Re: database 1.2G, pg_dump 73M?!

From: Joris Dobbelsteen <joris(at)familiedobbelsteen(dot)nl>
To: Ross Boylan <RossBoylan(at)stanfordalumni(dot)org>
Cc: pgsql-general(at)postgresql(dot)org
Subject: Re: database 1.2G, pg_dump 73M?!
Date: 2008-03-30 18:27:22
Message-ID: 47EFDB8A.6070606@familiedobbelsteen.nl
Views: Raw Message | Whole Thread | Download mbox | Resend email
Thread:
Lists: pgsql-general

Ross Boylan wrote:
> I have a postgres server for which du reports
> 1188072 /var/lib/postgresql/8.2/main
> on Linux system.
> The server has only one real database, which is for bacula. When I dump
> the database, it's 73Mg.
>
> This is immediately after I did a full vacuum and restarted the server.
>
> Also,
> bacula=> SELECT relname, relpages FROM pg_class ORDER BY relpages DESC
> limit 15;
> relname | relpages
> ---------------------------------+----------
> file_jpfid_idx | 27122
> file_pathid_idx | 17969
> file_jobid_idx | 17948
> file_pkey | 14580
> file_fp_idx | 12714
> file | 11558
> file_filenameid_idx | 9806
> filename | 3958
> filename_name_idx | 2510
> filename_pkey | 1367
> path | 966
> path_name_idx | 950
> path_pkey | 151
> pg_attribute_relid_attnam_index | 46
> pg_proc | 45
>
> It seems very strange to me that there is such a difference in size
> between the dump and the database: the data store is almost 15 time
> larger than the dump.
>
> Is this to be expected (e.g., from the indices taking up disk space)?
> Is there anything I can do to reclaim some disk space
There are a few factors you need to take into account:

* Data storage in the database is packed into blocks and contains
header data. Since data needs to be put into blocks there is a
potential for waisting space. If you are unlucky it can become
nearly a single row in the worst case.
* You need to vacuum often, to ensure obsolete rows are removed and
space can be reused.
* Tables are not reduced in size and only grown. I thinks cluster
and vacuum full will reduce the size of your table.
* Indexes are not in the backup, they are derived from the table
data on a restore.
If you remove the indexes you are left with 150~200 MB of data (I
guessed).
Doing reindex will rebuild the index and get rid of all the bloat
it has been collected during use. _I recommend you try this_, as
your indexes on the file table look quite huge.
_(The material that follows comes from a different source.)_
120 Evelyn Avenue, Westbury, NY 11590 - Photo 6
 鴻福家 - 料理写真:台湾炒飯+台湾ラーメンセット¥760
But the most important factor for you will be the following:

* Backups are compressed. Since you store filenames and paths these
will have a very high amount of regularity and therefore are very
good targets for compression. This can save a huge amount of data.
If you take a compression factor of 50%~70% you will reach your 70 MB.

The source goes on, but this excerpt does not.